Being on a family holiday seems to make Dad more demonstrative to Mom. He kept taking her hand in Boston. Lovely.
Yesterday, after a morning when N had to throw our parents out of the tiny hotel room because they weren't leaving on their own accord to give us space and privacy, we finally all packed up and left.
After leaving the hotel we walked through the ubiquitous Quincy Market. Dad and I decided to go to the aquarium together, Mom and N walked and shopped. I finished my deli tub of marinated mushrooms while waiting on the long, traffic-guided ticket line to the aquarium, and when Dad and I finally made it into the exhibits the exorbitant ticket fee was worth it. While on line we caught a glimpse of the sea lions, and the first exhibit inside is the penguins, endlessly fascinating, playful and cute to watch.

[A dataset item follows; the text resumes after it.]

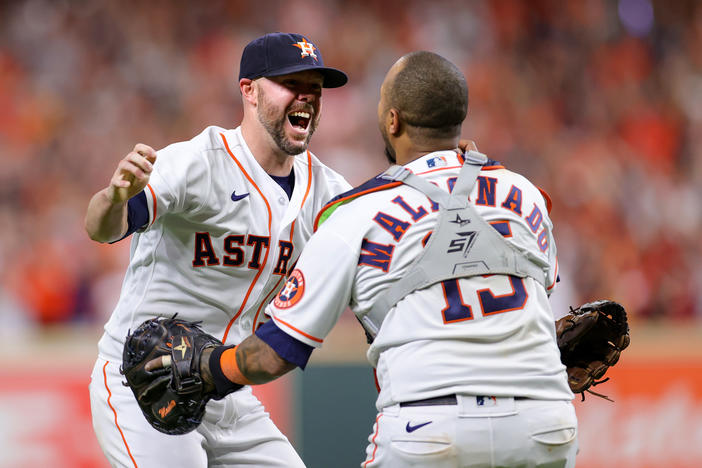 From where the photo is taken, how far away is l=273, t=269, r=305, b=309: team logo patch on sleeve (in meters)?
2.71

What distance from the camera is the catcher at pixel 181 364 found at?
291 cm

The phosphorescent, large-lipped and expressive-faced fish were a wonder, and I also enjoyed finding tiny camoflauged frogs, watching corals float in the water, and especially loved a tent of transparent small jellyfish with trails of lacy tenatcles and long, long threads. They were exceptionally beautiful and delicate creatures.
After meeting back up with Mom and N, we all, starving, tried to find a nice place for lunch, but we were walking through the business district on a Saturday, so no open restaurants. Finally we found an open cafe, and though it had no ambiance to speak of, it did have decent cheap food. I enjoyed a goat's cheese, fresh basil and pesto foccacia sandwich.
We then walked back to the central gardens. I kept walking, circling the park, while everyone else sat in the sun. Finally Dad decided it was time to go. He took a different route back to NY, one that involved getting lost and frustrated again. It was a much prettier route through rural New Hampshire.
The past Wednesday and Thursday I spent in New Hampshire with L, a work colleauge from my Ellery Queen days. We met up in Woodstock, where she and Mom communed over kintting, and then L drove me to her old, odd and characterful house. She and her husband J had finished putting antique-blue floor to ceiling bookshelves on one wall of the dining room and the house had a half-furnished, just moved-in look even though they'd been there for 4 years. Wood-floored, the large kitchen had a severely sloping floor that led to a screened-in porch with table and benches as well as chairs and coffee table - a lovely spot.
Upstairs had one very large bedroom and another smaller bedroom off an adjoining front room, a strange design. Their cat, a fat tabby, took to me and allowed me to pet her, whereas usually, according to L, she swats visitors. We spent Thurs evening at a meeting of L's book group (not as good as the group we were all in together in NYC - I still miss that group!) and drove to Hanover on Friday to meet Mom and her friend E after a morning of kayaking between the shores of Dartmouth College.